- WHAT YOU NEED TO DO:
The result should be an exact copy of only the lines from the one holding "Young Persian man" through the last line of the data below, please, without pictures.

- STORED DATA:
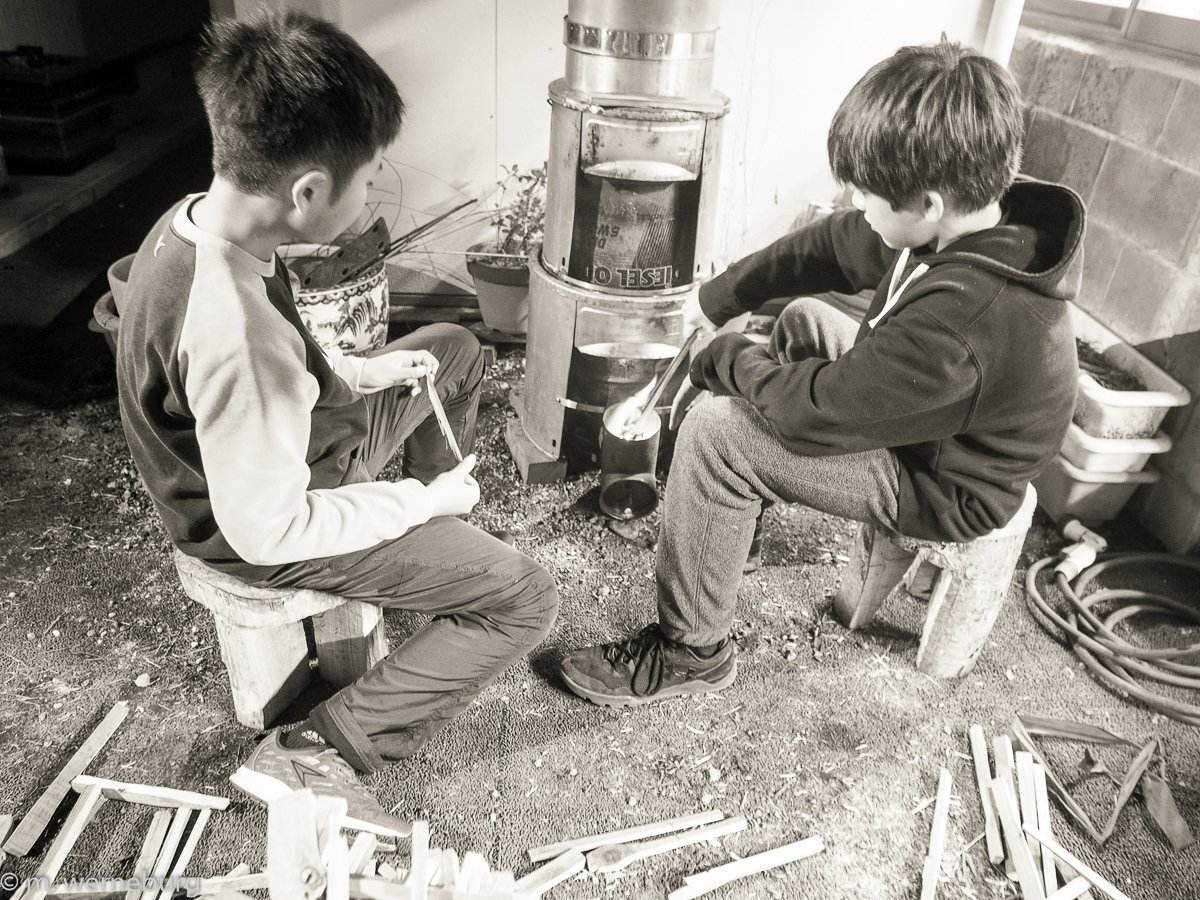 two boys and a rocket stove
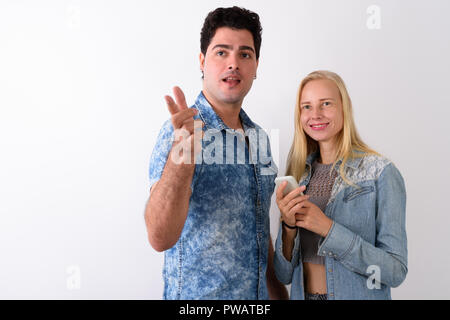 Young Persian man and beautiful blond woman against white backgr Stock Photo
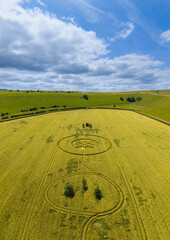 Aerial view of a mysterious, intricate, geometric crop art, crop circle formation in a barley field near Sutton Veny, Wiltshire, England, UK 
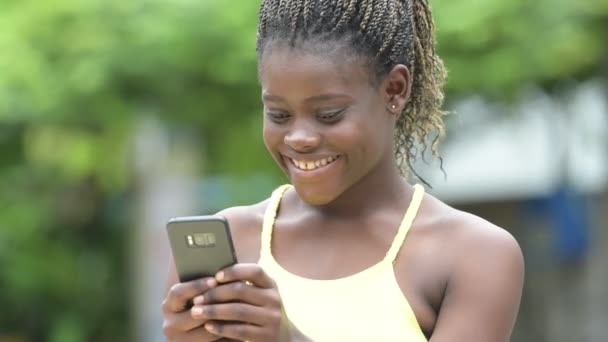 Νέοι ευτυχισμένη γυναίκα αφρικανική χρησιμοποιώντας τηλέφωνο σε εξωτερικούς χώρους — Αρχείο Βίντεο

- FINISHED EXERCISE:
 Young Persian man and beautiful blond woman against white backgr Stock Photo
 Aerial view of a mysterious, intricate, geometric crop art, crop circle formation in a barley field near Sutton Veny, Wiltshire, England, UK 
 Νέοι ευτυχισμένη γυναίκα αφρικανική χρησιμοποιώντας τηλέφωνο σε εξωτερικούς χώρους — Αρχείο Βίντεο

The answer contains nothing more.